INFORMATION GIVEN below:

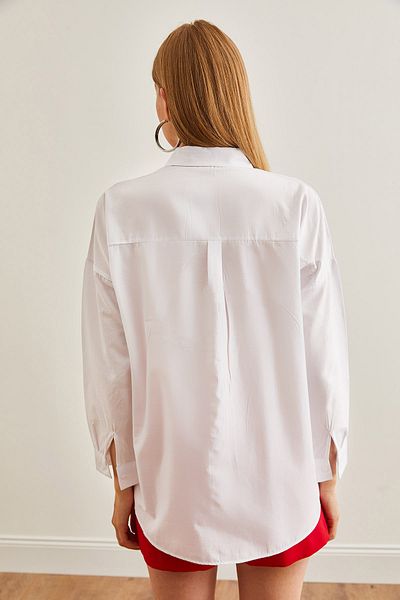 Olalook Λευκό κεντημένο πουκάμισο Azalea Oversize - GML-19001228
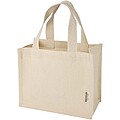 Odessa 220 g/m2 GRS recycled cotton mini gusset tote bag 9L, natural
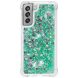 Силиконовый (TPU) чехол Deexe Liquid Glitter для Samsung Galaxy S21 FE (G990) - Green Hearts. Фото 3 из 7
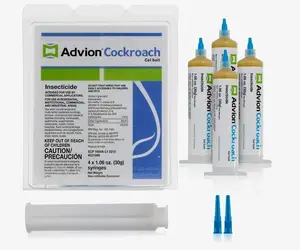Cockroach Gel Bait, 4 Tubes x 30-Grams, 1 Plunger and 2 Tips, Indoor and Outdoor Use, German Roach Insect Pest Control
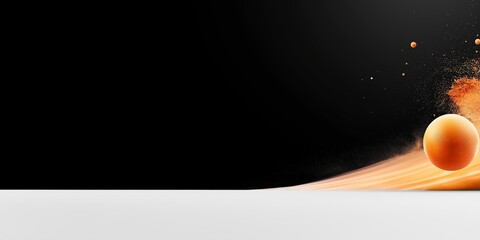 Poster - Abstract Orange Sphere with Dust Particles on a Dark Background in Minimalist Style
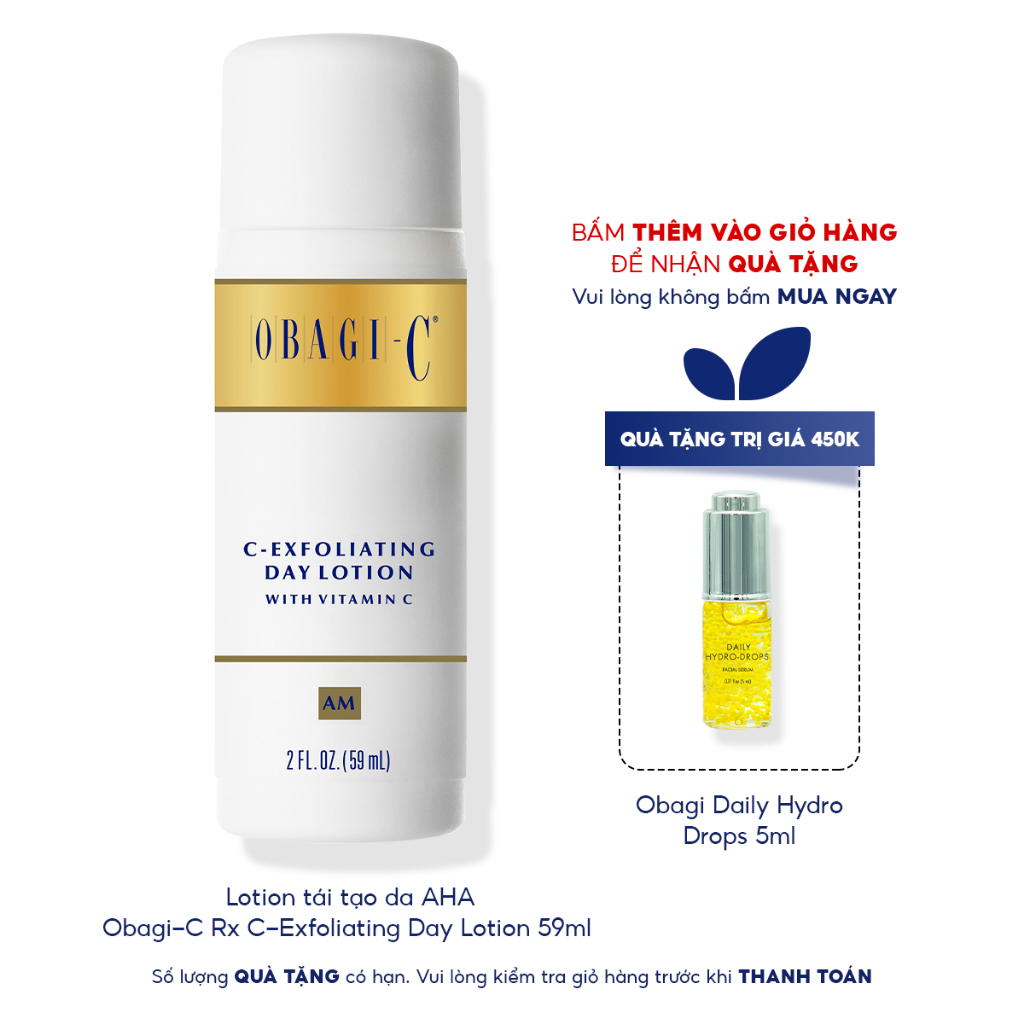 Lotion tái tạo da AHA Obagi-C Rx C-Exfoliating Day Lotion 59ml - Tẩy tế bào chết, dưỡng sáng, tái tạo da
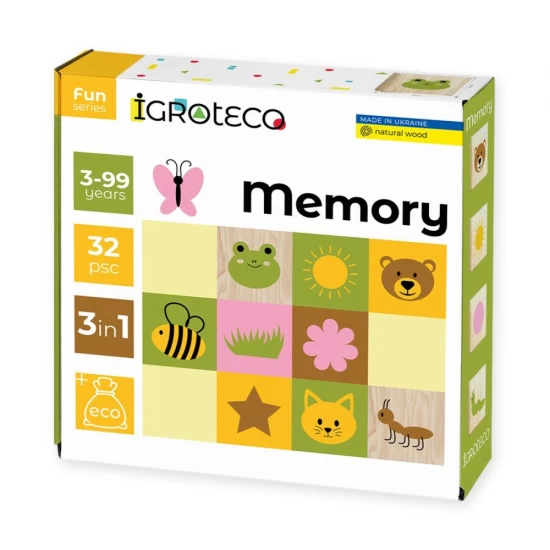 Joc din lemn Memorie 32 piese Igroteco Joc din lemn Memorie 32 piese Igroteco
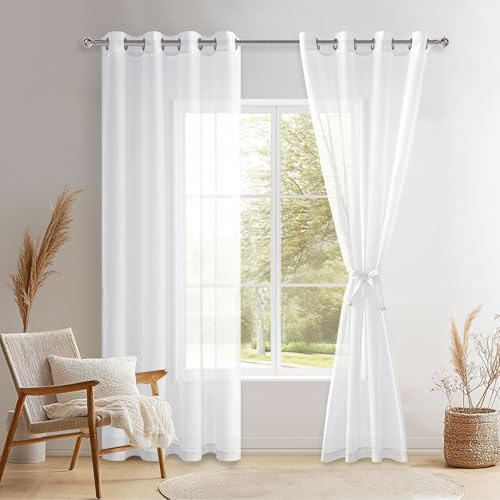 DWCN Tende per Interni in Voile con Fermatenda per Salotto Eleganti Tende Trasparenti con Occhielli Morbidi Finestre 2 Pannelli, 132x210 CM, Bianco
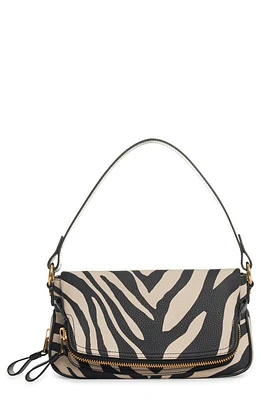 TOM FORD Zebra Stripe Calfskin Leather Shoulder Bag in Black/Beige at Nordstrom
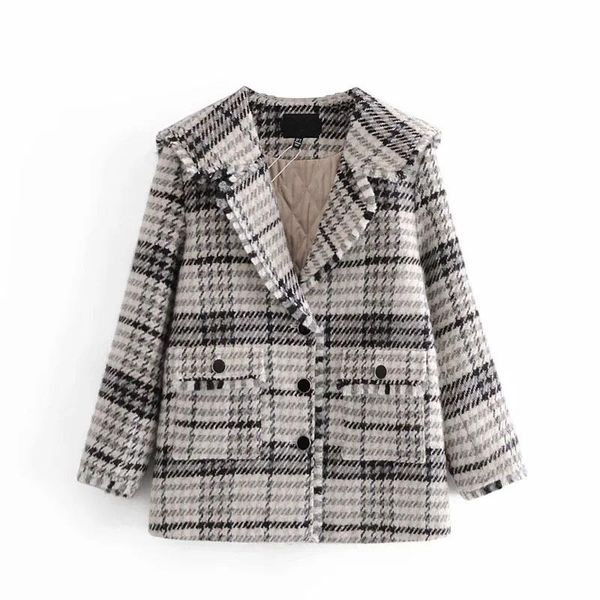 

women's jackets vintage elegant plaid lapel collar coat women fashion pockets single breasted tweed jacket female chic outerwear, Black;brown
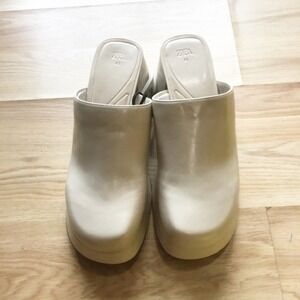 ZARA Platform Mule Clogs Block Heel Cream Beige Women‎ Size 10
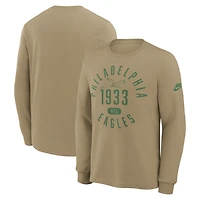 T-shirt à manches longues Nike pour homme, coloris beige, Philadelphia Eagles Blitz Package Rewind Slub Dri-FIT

End of INFORMATION GIVEN.

• _DIRECTIONS FOR THIS TASK_:
Since pictures are not part of the copy, set down only the remaining data exactly.

• _REPLY_:
 Olalook Λευκό κεντημένο πουκάμισο Azalea Oversize - GML-19001228
 Odessa 220 g/m2 GRS recycled cotton mini gusset tote bag 9L, natural
 Силиконовый (TPU) чехол Deexe Liquid Glitter для Samsung Galaxy S21 FE (G990) - Green Hearts. Фото 3 из 7
Cockroach Gel Bait, 4 Tubes x 30-Grams, 1 Plunger and 2 Tips, Indoor and Outdoor Use, German Roach Insect Pest Control
 Poster - Abstract Orange Sphere with Dust Particles on a Dark Background in Minimalist Style
 Lotion tái tạo da AHA Obagi-C Rx C-Exfoliating Day Lotion 59ml - Tẩy tế bào chết, dưỡng sáng, tái tạo da
 Joc din lemn Memorie 32 piese Igroteco Joc din lemn Memorie 32 piese Igroteco
 DWCN Tende per Interni in Voile con Fermatenda per Salotto Eleganti Tende Trasparenti con Occhielli Morbidi Finestre 2 Pannelli, 132x210 CM, Bianco
 TOM FORD Zebra Stripe Calfskin Leather Shoulder Bag in Black/Beige at Nordstrom

women's jackets vintage elegant plaid lapel collar coat women fashion pockets single breasted tweed jacket female chic outerwear, Black;brown
 ZARA Platform Mule Clogs Block Heel Cream Beige Women‎ Size 10
 T-shirt à manches longues Nike pour homme, coloris beige, Philadelphia Eagles Blitz Package Rewind Slub Dri-FIT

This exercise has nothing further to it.